Not too surprisingly, he concludes that it's not a very good video, relying on strained conclusions and poorly-researched facts to make a case that might have been worthwhile had it approached its topic more rationally. Deusner observes in conclusion:
From my perspective now, it's apparent that Hell's Bells is, at its core, more than just a dated piece of Christian propaganda: The documentary is a piece of musical and cultural criticism, albeit one with vastly different criteria than most mainstream music publications.... As such, the documentary actually makes a few valid points: Yes, music was needlessly oversexualized and exploitive during the 1980s, and it has only grown more so in the ensuring decade and a half; yes, Mötley Crüe's misogyny is particularly disgusting; yes, violence and hate can make some forms of music unpalatable; and yes, Diamanda Galas is pretty much unlistenable.

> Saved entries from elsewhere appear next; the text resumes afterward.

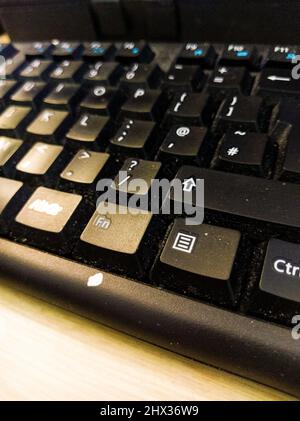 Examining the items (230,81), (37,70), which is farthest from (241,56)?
(37,70)

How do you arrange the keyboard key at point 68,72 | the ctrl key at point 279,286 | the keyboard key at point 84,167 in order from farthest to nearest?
the keyboard key at point 68,72 < the keyboard key at point 84,167 < the ctrl key at point 279,286

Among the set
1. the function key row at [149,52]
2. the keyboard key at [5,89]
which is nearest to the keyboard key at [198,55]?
the function key row at [149,52]

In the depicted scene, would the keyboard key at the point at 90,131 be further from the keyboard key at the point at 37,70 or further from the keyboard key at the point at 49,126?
the keyboard key at the point at 37,70

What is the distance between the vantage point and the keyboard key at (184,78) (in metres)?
0.38

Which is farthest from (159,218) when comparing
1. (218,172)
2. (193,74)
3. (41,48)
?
(41,48)

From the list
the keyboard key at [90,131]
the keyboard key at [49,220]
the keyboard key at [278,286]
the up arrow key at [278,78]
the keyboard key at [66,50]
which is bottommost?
the keyboard key at [278,286]

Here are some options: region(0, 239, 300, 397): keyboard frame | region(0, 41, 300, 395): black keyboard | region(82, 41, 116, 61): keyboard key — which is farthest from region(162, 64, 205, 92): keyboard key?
region(0, 239, 300, 397): keyboard frame

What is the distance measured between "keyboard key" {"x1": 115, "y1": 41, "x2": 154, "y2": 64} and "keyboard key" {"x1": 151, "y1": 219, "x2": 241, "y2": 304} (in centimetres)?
24

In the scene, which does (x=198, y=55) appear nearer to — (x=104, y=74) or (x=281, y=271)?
(x=104, y=74)

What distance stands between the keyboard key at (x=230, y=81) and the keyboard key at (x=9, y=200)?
206mm

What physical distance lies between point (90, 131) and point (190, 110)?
0.10 m

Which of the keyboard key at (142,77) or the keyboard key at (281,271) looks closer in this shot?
the keyboard key at (281,271)

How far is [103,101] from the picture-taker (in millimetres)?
398

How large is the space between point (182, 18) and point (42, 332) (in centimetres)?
37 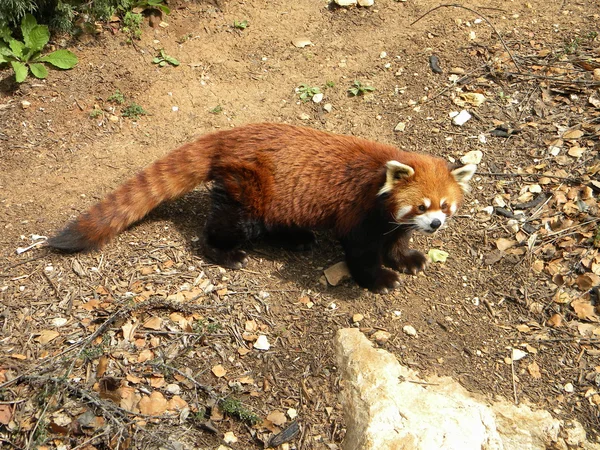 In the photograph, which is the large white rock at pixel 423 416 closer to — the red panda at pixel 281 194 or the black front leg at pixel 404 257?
the red panda at pixel 281 194

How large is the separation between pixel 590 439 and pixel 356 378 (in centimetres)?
133

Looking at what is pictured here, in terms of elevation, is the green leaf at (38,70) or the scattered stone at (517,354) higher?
the green leaf at (38,70)

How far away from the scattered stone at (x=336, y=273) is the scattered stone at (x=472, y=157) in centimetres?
151

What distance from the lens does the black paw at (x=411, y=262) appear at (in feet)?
14.0

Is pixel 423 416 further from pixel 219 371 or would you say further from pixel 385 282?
pixel 219 371

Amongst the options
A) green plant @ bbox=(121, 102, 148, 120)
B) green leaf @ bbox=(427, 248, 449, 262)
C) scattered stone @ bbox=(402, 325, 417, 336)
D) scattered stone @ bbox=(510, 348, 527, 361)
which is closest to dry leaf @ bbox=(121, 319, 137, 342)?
scattered stone @ bbox=(402, 325, 417, 336)

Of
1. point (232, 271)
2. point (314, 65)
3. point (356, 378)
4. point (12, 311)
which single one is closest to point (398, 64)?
point (314, 65)

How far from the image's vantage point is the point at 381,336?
3.80 meters

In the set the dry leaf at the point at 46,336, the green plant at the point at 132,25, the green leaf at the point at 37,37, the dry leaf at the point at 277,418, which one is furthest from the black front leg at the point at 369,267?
the green leaf at the point at 37,37

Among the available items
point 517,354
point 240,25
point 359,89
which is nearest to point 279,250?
point 517,354

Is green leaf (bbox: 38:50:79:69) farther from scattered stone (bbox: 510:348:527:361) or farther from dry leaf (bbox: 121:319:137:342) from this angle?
scattered stone (bbox: 510:348:527:361)

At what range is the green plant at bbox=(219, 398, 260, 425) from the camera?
329 centimetres

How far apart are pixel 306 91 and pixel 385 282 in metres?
2.39

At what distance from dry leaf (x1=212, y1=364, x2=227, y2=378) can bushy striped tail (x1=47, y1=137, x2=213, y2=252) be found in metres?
1.30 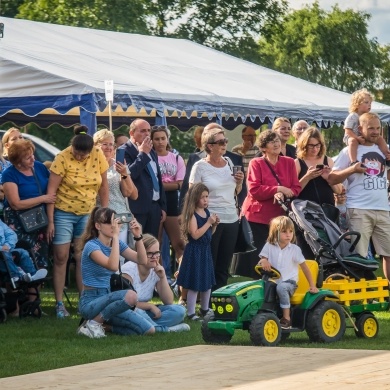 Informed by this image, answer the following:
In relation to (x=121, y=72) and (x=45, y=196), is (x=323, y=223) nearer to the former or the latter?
(x=45, y=196)

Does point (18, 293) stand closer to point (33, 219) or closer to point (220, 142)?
point (33, 219)

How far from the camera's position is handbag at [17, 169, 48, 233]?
12594 millimetres

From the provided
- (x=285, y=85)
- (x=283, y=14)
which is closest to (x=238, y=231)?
(x=285, y=85)

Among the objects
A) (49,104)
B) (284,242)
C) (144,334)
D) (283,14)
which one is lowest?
(144,334)

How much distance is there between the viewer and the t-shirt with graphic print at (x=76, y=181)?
1276 centimetres

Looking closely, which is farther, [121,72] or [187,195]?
[121,72]

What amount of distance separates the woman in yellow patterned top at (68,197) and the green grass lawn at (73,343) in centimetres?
80

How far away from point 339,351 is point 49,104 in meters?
6.92

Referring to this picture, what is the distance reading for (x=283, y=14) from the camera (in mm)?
50625

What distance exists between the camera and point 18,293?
1263cm

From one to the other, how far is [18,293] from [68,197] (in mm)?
1087

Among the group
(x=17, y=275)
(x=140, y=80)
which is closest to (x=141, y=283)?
(x=17, y=275)

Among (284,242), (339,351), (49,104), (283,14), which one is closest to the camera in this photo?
(339,351)

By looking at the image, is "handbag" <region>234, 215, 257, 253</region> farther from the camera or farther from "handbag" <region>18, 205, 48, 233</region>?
"handbag" <region>18, 205, 48, 233</region> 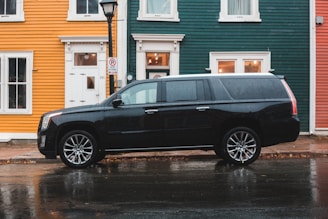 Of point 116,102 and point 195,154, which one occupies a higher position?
point 116,102

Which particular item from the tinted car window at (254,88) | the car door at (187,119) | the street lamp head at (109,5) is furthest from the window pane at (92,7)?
the tinted car window at (254,88)

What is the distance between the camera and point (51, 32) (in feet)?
53.1

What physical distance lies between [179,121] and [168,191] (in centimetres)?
311

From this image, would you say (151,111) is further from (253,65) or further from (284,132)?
(253,65)

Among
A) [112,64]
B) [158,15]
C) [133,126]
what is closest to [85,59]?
[158,15]

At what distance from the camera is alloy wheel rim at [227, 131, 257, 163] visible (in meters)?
10.5

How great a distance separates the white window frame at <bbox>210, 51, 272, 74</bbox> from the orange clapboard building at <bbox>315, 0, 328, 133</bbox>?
1701mm

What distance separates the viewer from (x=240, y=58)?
16.5 m

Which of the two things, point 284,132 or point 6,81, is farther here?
point 6,81

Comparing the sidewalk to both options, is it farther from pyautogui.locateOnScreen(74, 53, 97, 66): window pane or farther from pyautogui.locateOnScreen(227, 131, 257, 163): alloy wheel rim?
pyautogui.locateOnScreen(74, 53, 97, 66): window pane

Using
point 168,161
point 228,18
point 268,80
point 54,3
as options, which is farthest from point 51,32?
point 268,80

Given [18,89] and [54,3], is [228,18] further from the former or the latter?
[18,89]

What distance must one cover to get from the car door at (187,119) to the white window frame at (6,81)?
714 cm

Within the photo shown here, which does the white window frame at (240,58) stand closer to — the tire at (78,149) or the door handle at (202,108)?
the door handle at (202,108) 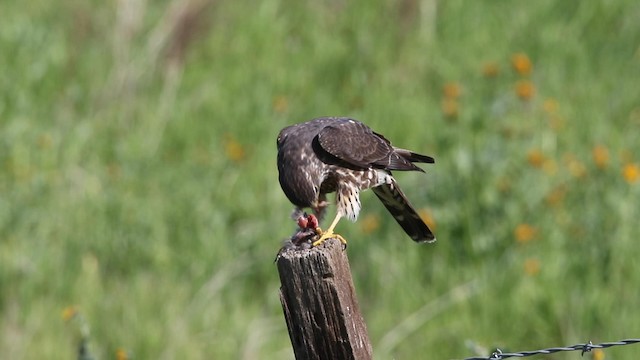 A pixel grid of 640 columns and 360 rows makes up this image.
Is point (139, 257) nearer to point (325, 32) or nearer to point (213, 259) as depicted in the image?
point (213, 259)

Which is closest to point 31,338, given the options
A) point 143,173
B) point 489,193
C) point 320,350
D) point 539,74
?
point 143,173

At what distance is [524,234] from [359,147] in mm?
2605

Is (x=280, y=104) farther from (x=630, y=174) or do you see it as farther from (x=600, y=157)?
Answer: (x=630, y=174)

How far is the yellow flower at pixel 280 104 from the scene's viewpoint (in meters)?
9.47

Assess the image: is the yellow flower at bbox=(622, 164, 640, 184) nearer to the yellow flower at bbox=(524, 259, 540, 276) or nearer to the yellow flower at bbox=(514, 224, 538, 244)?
the yellow flower at bbox=(514, 224, 538, 244)

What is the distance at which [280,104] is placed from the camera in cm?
949

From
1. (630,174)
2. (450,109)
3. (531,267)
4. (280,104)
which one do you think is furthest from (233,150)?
(630,174)

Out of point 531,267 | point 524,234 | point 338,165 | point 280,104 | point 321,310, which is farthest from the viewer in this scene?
point 280,104

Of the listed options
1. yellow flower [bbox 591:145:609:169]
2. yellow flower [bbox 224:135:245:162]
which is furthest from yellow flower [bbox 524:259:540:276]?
yellow flower [bbox 224:135:245:162]

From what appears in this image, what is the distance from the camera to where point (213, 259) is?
7.92m

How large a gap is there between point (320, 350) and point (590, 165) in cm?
531

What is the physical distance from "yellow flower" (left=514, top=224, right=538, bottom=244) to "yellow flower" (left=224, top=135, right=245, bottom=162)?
224 cm

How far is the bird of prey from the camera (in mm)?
4969

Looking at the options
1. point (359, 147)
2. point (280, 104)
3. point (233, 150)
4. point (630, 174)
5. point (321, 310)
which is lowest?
point (321, 310) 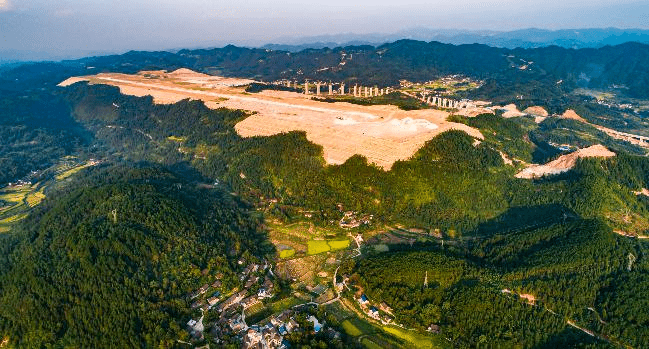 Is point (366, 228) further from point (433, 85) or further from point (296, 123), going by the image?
point (433, 85)

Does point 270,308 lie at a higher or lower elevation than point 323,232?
lower

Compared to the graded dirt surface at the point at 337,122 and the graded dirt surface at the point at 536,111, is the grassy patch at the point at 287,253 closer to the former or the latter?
the graded dirt surface at the point at 337,122

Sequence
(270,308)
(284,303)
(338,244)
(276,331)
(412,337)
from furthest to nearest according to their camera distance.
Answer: (338,244)
(284,303)
(270,308)
(412,337)
(276,331)

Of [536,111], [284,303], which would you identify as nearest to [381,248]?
[284,303]

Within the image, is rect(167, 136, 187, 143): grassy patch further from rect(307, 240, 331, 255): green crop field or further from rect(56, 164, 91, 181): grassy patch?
rect(307, 240, 331, 255): green crop field

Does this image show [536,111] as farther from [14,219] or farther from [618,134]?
[14,219]

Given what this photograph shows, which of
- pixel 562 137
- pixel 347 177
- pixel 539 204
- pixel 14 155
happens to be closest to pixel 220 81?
pixel 14 155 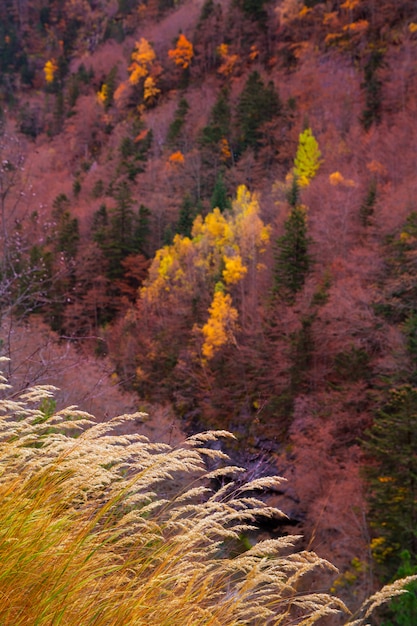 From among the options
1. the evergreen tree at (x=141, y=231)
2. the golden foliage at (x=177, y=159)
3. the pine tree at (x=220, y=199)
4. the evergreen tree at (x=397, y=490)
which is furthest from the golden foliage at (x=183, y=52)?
the evergreen tree at (x=397, y=490)

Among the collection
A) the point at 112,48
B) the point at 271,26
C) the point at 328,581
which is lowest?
the point at 328,581

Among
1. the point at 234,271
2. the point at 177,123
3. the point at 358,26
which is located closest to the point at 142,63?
the point at 177,123

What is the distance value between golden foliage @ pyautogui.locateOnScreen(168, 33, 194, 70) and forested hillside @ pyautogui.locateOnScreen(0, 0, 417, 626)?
2.22 feet

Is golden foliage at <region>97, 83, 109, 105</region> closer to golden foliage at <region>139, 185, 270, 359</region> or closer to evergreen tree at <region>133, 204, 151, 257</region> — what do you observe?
evergreen tree at <region>133, 204, 151, 257</region>

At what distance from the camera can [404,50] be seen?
48.0 m

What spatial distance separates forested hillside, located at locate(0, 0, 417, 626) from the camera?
43.8ft

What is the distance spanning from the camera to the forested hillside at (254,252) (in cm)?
1336

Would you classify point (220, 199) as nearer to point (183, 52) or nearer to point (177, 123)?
point (177, 123)

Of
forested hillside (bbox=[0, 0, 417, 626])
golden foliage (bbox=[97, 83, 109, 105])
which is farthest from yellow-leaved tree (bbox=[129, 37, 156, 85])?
golden foliage (bbox=[97, 83, 109, 105])

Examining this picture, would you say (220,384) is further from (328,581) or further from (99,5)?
(99,5)

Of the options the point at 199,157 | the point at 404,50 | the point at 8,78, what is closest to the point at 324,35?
the point at 404,50

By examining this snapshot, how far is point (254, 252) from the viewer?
1224 inches

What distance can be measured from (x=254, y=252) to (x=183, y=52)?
50.1 meters

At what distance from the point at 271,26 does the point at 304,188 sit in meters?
39.4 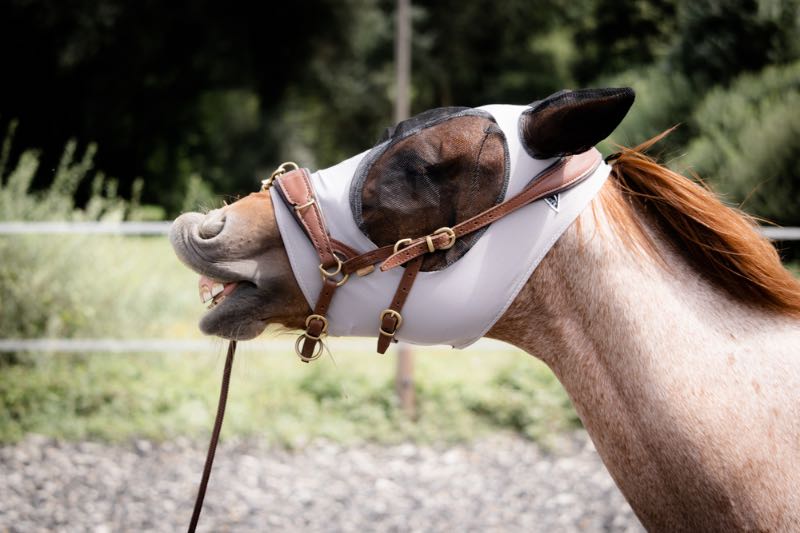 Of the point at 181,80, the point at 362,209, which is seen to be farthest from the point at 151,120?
the point at 362,209

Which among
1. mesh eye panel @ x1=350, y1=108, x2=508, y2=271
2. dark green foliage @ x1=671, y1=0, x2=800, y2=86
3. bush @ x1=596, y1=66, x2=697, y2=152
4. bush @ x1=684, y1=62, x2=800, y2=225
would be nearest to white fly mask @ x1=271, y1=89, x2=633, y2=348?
mesh eye panel @ x1=350, y1=108, x2=508, y2=271

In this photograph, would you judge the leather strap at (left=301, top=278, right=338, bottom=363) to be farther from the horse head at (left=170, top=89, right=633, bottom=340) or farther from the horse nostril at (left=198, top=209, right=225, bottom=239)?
the horse nostril at (left=198, top=209, right=225, bottom=239)

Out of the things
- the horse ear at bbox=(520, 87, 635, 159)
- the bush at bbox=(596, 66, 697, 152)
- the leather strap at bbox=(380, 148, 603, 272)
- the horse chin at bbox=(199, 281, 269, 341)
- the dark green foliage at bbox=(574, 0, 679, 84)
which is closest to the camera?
the horse ear at bbox=(520, 87, 635, 159)

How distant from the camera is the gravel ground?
3.66 m

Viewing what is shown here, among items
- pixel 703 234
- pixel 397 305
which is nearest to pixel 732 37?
pixel 703 234

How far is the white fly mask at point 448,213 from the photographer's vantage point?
1.52m

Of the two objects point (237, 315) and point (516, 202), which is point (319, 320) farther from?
point (516, 202)

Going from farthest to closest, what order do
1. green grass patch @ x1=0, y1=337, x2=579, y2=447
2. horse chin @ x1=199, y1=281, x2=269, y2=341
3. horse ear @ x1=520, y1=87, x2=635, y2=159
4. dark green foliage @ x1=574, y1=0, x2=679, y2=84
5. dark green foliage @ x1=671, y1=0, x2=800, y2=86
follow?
dark green foliage @ x1=574, y1=0, x2=679, y2=84 < dark green foliage @ x1=671, y1=0, x2=800, y2=86 < green grass patch @ x1=0, y1=337, x2=579, y2=447 < horse chin @ x1=199, y1=281, x2=269, y2=341 < horse ear @ x1=520, y1=87, x2=635, y2=159

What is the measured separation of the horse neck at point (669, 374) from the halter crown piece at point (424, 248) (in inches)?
2.9

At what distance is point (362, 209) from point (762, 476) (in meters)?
1.01

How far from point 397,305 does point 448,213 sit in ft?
0.80

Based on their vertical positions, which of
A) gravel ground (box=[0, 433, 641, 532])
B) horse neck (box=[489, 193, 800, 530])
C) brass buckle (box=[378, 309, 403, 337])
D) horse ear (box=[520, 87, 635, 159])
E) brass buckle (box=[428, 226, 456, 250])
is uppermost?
horse ear (box=[520, 87, 635, 159])

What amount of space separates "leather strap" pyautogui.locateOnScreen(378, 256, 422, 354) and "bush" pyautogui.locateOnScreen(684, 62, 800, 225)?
207 inches

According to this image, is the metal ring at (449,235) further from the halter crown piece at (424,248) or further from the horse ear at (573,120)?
the horse ear at (573,120)
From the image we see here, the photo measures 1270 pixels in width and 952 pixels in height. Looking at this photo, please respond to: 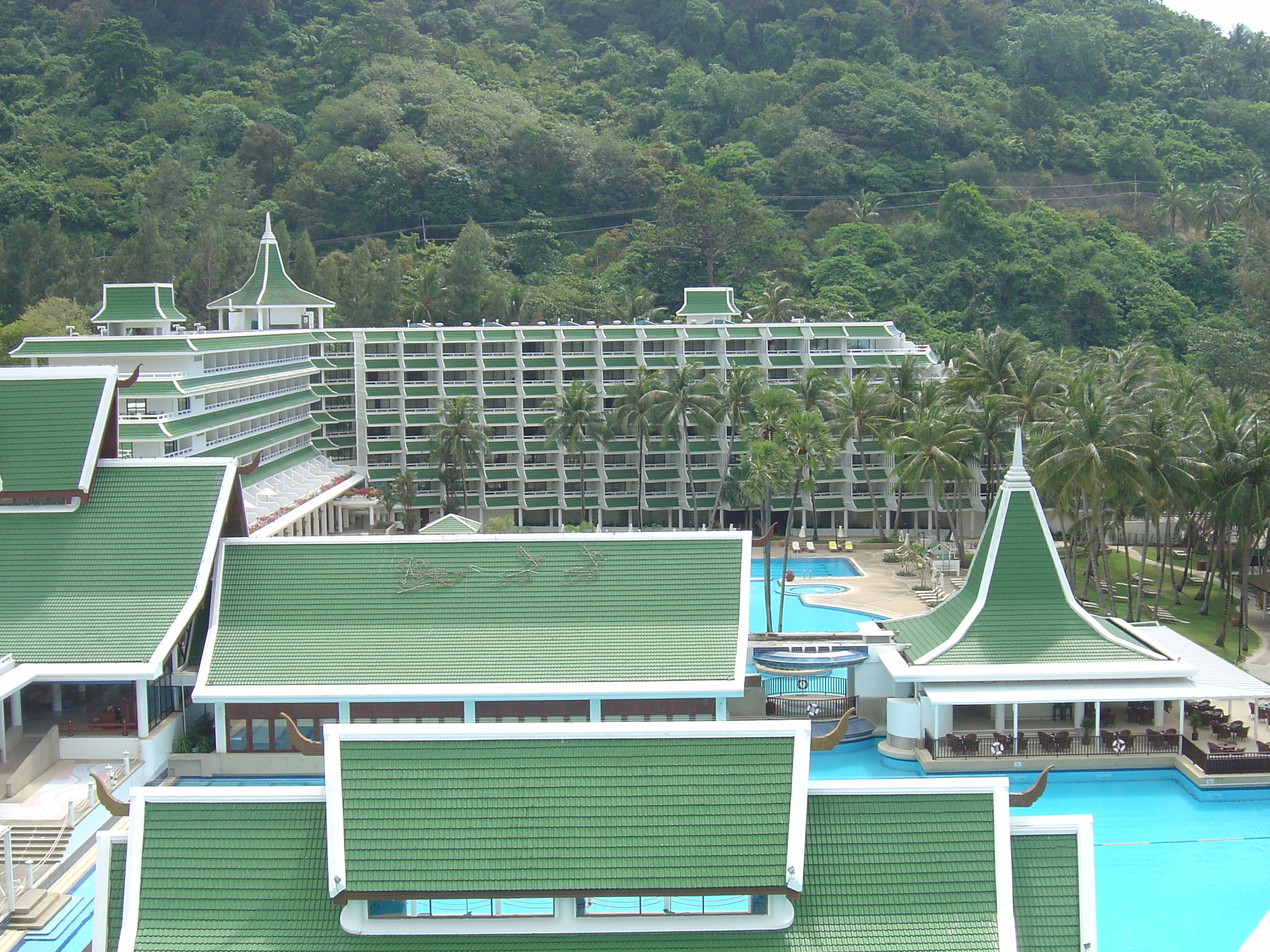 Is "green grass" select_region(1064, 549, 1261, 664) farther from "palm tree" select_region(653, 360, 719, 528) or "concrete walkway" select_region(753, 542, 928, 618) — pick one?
"palm tree" select_region(653, 360, 719, 528)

Regardless, its criticism repeatedly proves ineffective, mainly because it completely misses the larger point: a lot of this music is really silly.
I think Deusner has hit on a good insight about Christian engagement of pop culture. We often mean well, but we push the point far beyond credibility, needlessly sabotage our argument with shoddy research, or (in the case of this video) both of the above. Personally, I think both of these traits were well in evidence when the first Harry Potter books/movies came out--reading early Christian critiques of the Potter books a few years back, I often had a nagging sense that the critics were "missing the point," regardless of the accuracy of their theology. Christian engagement of the Potter phenomenon, like Hell's Bells' indictment of secular music, was earnest--but it was also clumsy, ill-researched, and off-putting.
What do you think? What can we learn from past efforts, good and bad, at confronting popular culture? Looking around at Christian culture today, do you think we're doing a better or worse job of challenging culture with our beliefs?